SUBTOTAL関数を使用していてトラブルが起きやすいケースをまとめました。

トラブル内容 原因 対処法
非表示行が計算に含まれる 集計番号が1〜11のまま 101〜111に変更する
フィルターしても値が変わらない SUM関数を使っている SUBTOTAL関数に置き換える
VALUE!エラーが出る 集計方法番号が無効 1〜11または101〜111の正しい番号を指定
集計結果が0になる 参照範囲がすべて非表示 表示されている行があるか確認する

特に集計番号のミスは起きやすいため、入力後は必ず意図した結果になっているか確認しましょう。

AGGREGATE関数との使い分け

SUBTOTAL関数に近い機能を持つ関数として、AGGREGATE関数もあります。

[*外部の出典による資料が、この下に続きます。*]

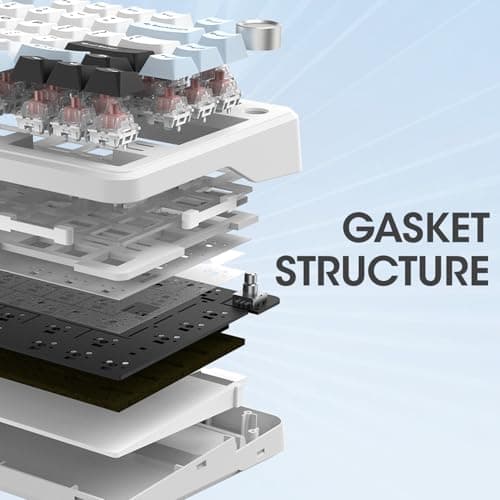 HELLO GANSS 75% Wired Hot Swappable Mechanical Keyboard with Metal Knob | Mount Gasket | Programmable RGB Backlit & Adjustable Side Lighting (Peach Linear Switch) 7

AGGREGATE関数はSUBTOTALより新しく、エラー値の無視やネストされた関数の除外など、より細かい制御が可能です。

ただし、AGGREGATE関数はExcel 2010以降でのみ使用できるため、古いバージョンとの互換性が必要な場合はSUBTOTAL関数を使うのが安心でしょう。

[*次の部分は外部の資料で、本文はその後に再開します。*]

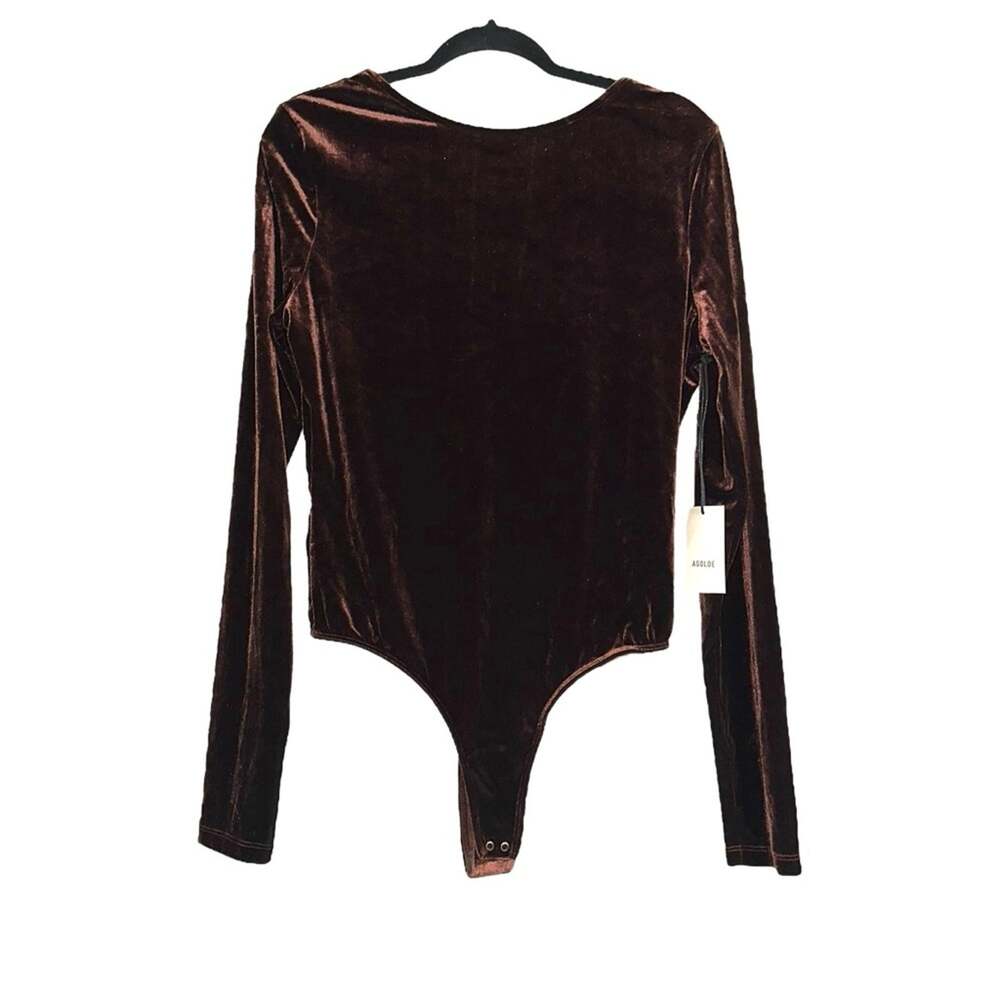 NWT Agolde Corrin Scoop Back Long Sleeve Velvet Bodysuit XL in Chocolate Milk - Picture 4 of 9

用途と環境に合わせて、どちらを使うか選択することが大切です。

まとめ

本記事では、【Excel】エクセルでの非表示で計算しない設定方法(SUBTOTAL関数・集計への影響・設定も)について詳しく解説しました。

非表示にした行を計算から除外するには、SUBTOTAL関数を使うことが最も効果的な方法です。

通常のSUM関数では非表示行が計算に含まれてしまいますが、SUBTOTAL関数の集計番号を適切に選ぶことで、フィルター適用時や手動非表示時にも正確な集計が実現できます。

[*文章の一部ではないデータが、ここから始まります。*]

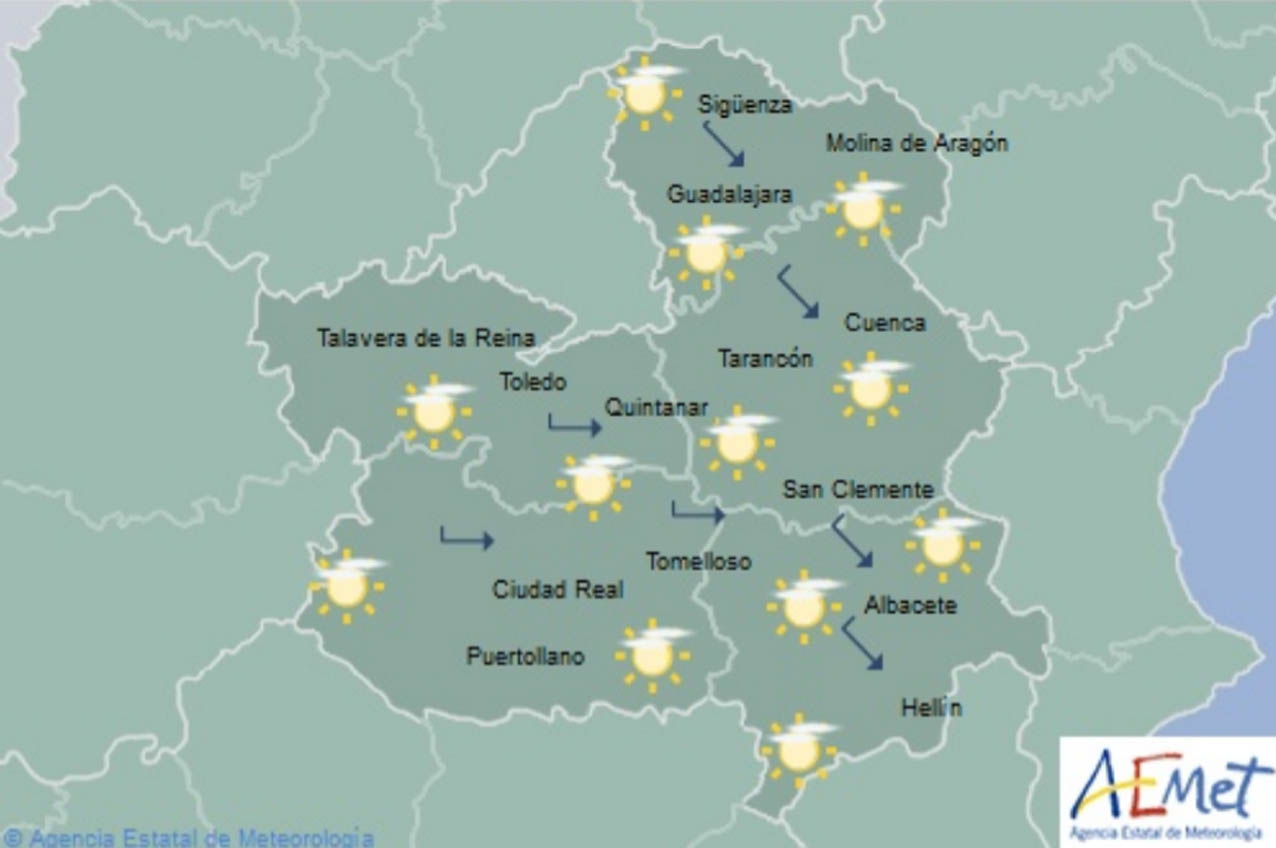 Previsión meteorológica de Aemet para hoy, lunes 23, en Castilla-La Mancha.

集計番号9はフィルター非表示のみ除外、109は手動非表示も除外という違いを覚えておくと、現場での使い分けがスムーズになるでしょう。

また、SUBTOTAL関数は二重集計を自動回避する仕様になっているため、小計と総計が混在する集計表でも安心して活用できます。

今回の内容を参考に、Excelでの集計作業をより正確かつ効率的に進めてみてください。